# Try it
Once you have read the entries, please say how many lines hold the string "like", giving the number only.

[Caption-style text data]
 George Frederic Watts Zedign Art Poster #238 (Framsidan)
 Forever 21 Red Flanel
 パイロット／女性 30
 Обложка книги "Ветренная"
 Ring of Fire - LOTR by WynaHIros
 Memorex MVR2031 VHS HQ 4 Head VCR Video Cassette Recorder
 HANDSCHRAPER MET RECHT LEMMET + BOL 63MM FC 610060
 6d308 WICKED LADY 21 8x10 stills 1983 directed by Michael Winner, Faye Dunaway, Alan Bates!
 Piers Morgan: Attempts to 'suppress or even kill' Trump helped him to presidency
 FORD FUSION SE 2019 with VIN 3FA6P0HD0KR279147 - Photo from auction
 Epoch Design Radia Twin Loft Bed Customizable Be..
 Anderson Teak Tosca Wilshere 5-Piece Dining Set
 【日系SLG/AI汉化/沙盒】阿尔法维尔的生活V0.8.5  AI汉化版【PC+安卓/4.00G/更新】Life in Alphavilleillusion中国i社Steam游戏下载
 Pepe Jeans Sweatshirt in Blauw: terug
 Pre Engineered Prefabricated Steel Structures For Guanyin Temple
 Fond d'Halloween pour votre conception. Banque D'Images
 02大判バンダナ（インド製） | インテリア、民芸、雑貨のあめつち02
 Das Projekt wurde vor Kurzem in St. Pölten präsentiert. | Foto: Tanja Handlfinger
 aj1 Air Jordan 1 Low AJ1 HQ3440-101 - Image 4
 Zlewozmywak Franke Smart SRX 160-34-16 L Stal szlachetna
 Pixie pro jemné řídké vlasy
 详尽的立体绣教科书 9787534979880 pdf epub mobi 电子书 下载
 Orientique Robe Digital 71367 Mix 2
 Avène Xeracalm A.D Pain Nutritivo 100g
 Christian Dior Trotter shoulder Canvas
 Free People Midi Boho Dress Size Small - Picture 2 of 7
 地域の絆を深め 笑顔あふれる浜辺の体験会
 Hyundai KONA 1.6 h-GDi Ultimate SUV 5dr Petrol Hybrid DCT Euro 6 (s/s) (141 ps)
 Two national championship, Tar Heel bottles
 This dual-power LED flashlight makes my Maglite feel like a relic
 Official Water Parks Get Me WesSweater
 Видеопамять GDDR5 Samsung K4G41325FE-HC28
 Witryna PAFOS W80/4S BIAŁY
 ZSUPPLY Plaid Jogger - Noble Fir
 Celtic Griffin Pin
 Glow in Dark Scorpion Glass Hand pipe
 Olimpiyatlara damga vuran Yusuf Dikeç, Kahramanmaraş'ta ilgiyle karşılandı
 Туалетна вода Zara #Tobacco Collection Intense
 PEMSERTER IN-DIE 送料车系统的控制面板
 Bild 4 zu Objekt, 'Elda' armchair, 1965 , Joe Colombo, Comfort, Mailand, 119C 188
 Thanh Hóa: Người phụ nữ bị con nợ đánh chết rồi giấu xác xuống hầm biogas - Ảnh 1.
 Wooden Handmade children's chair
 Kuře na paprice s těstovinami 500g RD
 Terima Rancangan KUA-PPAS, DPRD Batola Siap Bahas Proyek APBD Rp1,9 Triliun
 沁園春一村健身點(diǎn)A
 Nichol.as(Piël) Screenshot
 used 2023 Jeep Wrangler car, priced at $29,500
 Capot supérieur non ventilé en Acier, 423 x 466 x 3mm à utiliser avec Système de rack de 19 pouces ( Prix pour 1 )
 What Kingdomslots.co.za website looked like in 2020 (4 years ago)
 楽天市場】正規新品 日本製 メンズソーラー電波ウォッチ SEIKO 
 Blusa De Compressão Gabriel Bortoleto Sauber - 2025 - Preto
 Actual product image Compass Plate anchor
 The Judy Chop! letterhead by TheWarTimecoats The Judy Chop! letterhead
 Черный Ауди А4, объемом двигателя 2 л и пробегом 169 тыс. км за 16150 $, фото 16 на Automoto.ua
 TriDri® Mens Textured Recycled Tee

# Task result
2